Shave against the grain.
While it may sound counter-intuitive as the recommendation for traditional shaving is to always go with the grain in order to avoid razor burn, electric shavers simply don’t work that way.
In order for the hairs to be effectively captured by the foils, the direction of the stroke should be against the grain.
In the case of rotary razors, the overlapping circular movements will ensure an efficient shave. It’s a good idea to try both clockwise and counterclockwise strokes depending on the direction of the grains.
For a complete guide on shaving technique, check out this post.
Allow your skin to heal between shaving sessions.
If razor burn is still present to some degree, you may want to wait a bit more before shaving again.
Going over a rash, even with a gentle electric razor, will only make things worse.
Shaving every two days should be a good compromise as the length of the hairs will still be manageable for a capable razor.
4. Post-shave treatment
Wash your face with cold water.
Cold water has a calming and refreshing effect on your skin and closes the pores. Also, it removes any remaining traces of pre-shave lotion or lather in the case of wet electric shaving.
Pat your face dry and apply a soothing, hydrating aftershave balm.
Use a clean, soft towel and don’t rub it into your skin. Also, only use it on your face.

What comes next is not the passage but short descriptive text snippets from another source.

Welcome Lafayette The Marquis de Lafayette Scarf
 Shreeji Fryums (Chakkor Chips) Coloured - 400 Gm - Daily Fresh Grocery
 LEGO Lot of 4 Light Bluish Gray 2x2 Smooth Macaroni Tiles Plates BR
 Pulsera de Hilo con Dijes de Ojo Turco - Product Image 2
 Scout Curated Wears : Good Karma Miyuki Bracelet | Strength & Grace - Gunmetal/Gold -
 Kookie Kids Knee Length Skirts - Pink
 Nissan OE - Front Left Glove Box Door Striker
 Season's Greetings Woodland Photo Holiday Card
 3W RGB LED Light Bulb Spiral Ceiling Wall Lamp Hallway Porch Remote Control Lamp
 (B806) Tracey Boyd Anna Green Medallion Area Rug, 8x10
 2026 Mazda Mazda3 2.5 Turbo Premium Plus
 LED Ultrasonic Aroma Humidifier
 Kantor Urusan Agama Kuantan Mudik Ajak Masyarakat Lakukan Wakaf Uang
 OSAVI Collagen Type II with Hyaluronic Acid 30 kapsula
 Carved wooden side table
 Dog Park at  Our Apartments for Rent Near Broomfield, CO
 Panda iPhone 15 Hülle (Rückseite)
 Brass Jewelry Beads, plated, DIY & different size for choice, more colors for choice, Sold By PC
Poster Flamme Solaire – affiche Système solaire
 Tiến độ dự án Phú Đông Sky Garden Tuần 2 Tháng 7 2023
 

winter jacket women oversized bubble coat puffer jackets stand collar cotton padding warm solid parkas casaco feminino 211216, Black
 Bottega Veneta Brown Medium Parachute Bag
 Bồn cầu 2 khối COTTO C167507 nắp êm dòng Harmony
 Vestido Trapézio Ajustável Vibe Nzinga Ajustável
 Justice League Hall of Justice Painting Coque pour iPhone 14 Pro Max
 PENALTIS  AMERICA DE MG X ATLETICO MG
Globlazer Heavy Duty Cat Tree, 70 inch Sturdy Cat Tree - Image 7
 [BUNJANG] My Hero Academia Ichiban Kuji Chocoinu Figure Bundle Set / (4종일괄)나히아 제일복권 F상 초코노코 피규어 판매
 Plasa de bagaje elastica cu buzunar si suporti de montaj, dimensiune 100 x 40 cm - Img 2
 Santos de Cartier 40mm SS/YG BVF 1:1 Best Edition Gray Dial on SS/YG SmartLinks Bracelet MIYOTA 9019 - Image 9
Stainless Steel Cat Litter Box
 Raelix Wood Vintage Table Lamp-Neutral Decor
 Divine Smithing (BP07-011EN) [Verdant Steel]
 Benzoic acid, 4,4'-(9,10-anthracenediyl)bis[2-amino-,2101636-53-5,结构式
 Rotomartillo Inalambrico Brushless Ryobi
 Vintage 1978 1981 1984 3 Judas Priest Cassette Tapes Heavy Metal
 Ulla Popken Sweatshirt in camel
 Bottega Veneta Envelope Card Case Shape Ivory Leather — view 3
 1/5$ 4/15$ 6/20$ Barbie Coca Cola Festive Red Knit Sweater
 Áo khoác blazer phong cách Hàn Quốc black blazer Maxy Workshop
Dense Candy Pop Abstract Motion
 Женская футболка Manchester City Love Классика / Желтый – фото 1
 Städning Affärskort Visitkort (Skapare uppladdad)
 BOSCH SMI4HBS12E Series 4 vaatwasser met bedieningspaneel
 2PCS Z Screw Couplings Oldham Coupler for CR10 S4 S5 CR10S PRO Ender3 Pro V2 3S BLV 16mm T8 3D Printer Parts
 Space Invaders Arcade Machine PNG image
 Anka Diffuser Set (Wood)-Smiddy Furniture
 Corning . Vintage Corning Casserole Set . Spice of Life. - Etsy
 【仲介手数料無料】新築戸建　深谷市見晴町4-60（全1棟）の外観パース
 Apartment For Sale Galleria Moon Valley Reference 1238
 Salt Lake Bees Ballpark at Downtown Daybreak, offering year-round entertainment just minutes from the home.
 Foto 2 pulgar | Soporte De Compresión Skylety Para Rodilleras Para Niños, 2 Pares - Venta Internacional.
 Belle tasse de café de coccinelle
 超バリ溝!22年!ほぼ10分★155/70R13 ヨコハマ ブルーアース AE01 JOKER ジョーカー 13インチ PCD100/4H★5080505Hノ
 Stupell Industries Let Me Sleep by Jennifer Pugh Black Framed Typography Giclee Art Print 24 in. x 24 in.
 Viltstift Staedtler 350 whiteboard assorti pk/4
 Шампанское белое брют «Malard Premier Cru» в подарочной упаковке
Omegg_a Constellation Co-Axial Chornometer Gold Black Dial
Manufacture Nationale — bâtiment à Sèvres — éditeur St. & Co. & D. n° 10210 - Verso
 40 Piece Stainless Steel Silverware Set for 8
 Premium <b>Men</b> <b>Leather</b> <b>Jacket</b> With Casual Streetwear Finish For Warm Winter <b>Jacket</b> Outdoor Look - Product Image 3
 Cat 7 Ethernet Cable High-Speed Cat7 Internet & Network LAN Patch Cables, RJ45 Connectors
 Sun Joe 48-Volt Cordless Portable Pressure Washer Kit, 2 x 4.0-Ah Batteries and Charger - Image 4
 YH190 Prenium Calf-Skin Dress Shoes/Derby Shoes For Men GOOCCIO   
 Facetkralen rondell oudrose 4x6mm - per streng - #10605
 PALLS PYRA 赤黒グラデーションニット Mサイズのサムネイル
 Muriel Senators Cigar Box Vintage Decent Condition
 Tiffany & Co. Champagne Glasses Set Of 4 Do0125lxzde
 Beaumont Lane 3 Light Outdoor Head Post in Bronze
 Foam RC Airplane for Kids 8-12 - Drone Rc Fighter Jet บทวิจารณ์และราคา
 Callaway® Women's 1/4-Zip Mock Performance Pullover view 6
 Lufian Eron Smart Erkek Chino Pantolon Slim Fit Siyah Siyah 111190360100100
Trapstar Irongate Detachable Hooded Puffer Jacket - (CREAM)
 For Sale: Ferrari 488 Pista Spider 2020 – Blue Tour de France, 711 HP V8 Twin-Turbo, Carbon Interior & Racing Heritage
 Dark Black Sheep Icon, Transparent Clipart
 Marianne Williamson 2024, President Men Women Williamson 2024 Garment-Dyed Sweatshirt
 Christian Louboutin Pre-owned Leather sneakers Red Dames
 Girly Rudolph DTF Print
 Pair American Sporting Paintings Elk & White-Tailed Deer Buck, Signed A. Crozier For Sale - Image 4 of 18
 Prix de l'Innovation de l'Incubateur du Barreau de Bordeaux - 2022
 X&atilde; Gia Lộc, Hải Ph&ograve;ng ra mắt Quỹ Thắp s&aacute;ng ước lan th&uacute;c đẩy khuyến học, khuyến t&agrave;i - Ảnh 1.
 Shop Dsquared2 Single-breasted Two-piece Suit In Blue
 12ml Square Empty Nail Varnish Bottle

Many men seem to think that electric shaving doesn’t require the use of an aftershave. And that’s a big mistake, especially in the context of preventing razor burn.
I highly recommend using a moisturizing, alcohol-free, lightly-scented balm. Use it sparingly and gently massage it into the skin.
A great and inexpensive option is the Proraso Sensitive After Shave Balm or the Nivea Sensitive Balm.
For a complete guide on recommended aftershave balms make sure to check out this article.
Avoid touching your face and wearing tight collars or anything that rubs against your skin.
Also, avoid washing your face with warm water. The skin is particularly susceptible to razor burn and irritation immediately after shaving.